À partir de données fournies par l'Arcep, plongeons ensemble dans la couverture en (bonne) 2G, 3G et en 4G du pays, département par département. Ces informations ont demandé un large travail de recoupement, qui semble encore loin de la portée de la majorité des internautes.

Vaut-il mieux être chez Bouygues Telecom, Free, Orange ou SFR en 4G ? Y a-t-il vraiment une bonne couverture 2G dans mon département ? Ce sont les questions auxquelles l'autorité des télécoms, l'Arcep, promet de répondre en publiant aujourd'hui des cartes de la 2G (détaillée), de la 3G et de la 4G en France. Les données, tirées de simulations des opérateurs, donnent une meilleure idée des parties du territoire les mieux (et moins bien) loties.

Reçues en avance par la rédaction, ces cartes nationales ont été passées à la moulinette, pour observer au plus près la couverture du pays et voir s'il est vraiment simple de s'approprier ces informations. L'ouverture nationale de données, datées de juillet, suit celle de la Nouvelle-Aquitaine en avril dernier. Après contrôle de terrain, ces dernières étaient fiables à plus de 95 % pour les quatre opérateurs.

Notons que si l'Arcep parle d'une précision des cartes à 50 mètres, il ne s'agit aujourd'hui que d'un vœu pieux. Selon nos mesures, confirmées par l'autorité, les cartes des opérateurs sont pour certaines précises à 100 ou 150 mètres. Elles divergent aussi sur la prise en compte de certaines zones.

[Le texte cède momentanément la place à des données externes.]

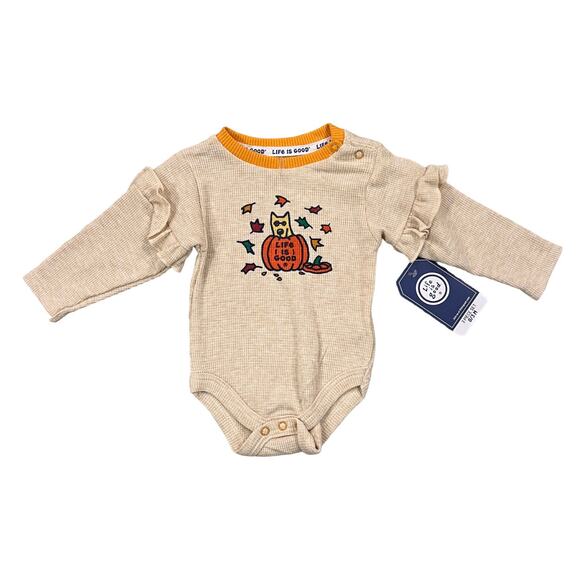 NWT Life is Good Baby Girl Fall Pumpkin Bodysuit, Jogger & Headband Set - 0-3M - Picture 2 of 8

Le régulateur propose lui-même le site monreseaumobile.fr à partir de ces données, pour constater la couverture 2G et 4G par opérateur, par quartier. Notre but a donc été de compléter ce travail, en calculant les taux de couverture par département et en croisant des cartes, pour comprendre qui couvre mieux le territoire aujourd'hui.

Palmarès des opérateurs 4G par région

Sans surprise, l'Île de France est la région la mieux couverte, avec 89 % de territoire desservi en moyenne par opérateur. Elle est suivie des Hauts-de-France (81 %) et des Pays de la Loire (75 %). À l'inverse, la Corse, la région Provence-Alpes-Côte-d'Azur et l'Occitanie ont moins de la moitié de leur surface couverte par chaque opérateur, la taille et la topologie jouant un rôle certain. Couvrir une Île-de-France plane et massivement peuplée sera bien plus aisé et intéressant pour un opérateur, qu'une région PACA de plus de 31 000 km², montagnes comprises.

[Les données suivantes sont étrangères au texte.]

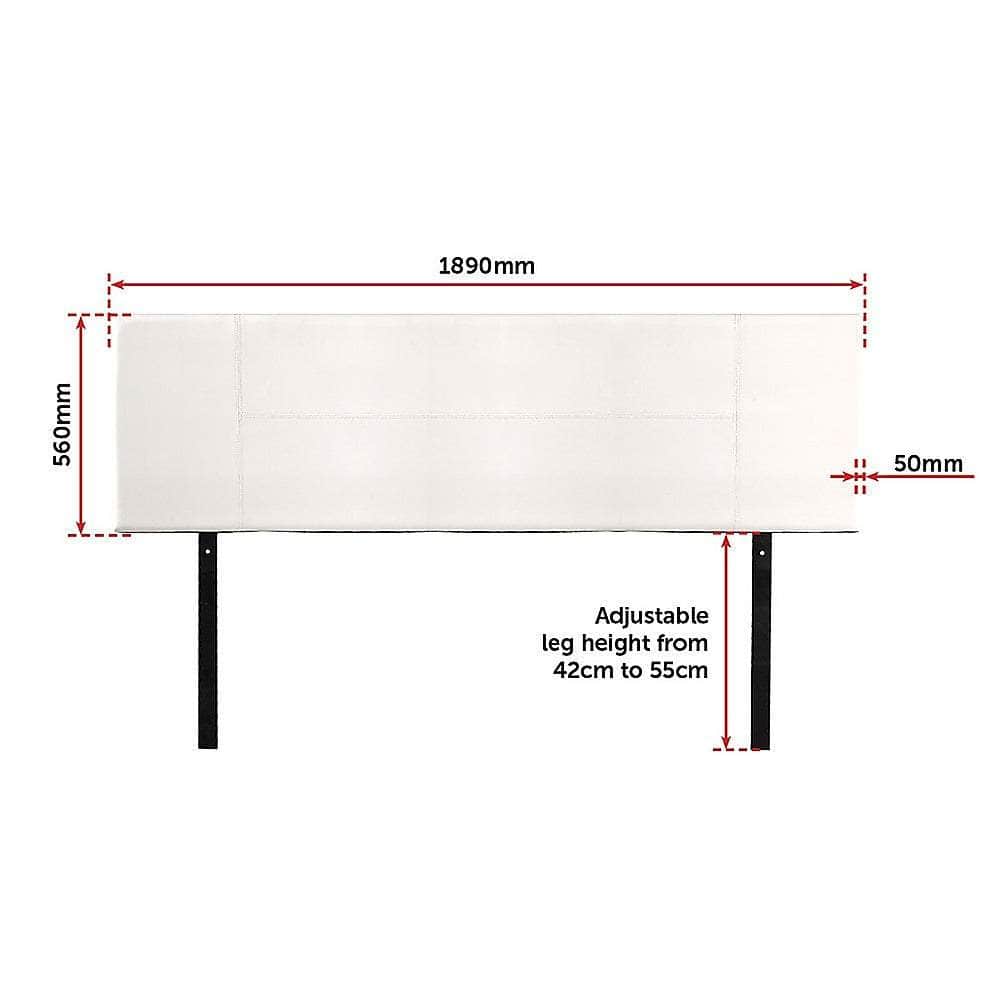 Pu Leather King Bed Headboard Bedhead - White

Par département, c'est le grand écart. D'un côté, ceux de la petite couronne parisienne sont en moyenne couverts à plus de 90 %. Le reste du classement respecte logiquement celui des régions, même si les plus défavorisées le sont vraiment : 12 % de couverture en moyenne pour la Lozère, contre 20 % pour l'Aveyron, aussi situé en Occitanie. Ils sont suivis de la Haute-Saône (26 %) et de la Meuse (31 %), à égalité avec les Alpes-Maritimes.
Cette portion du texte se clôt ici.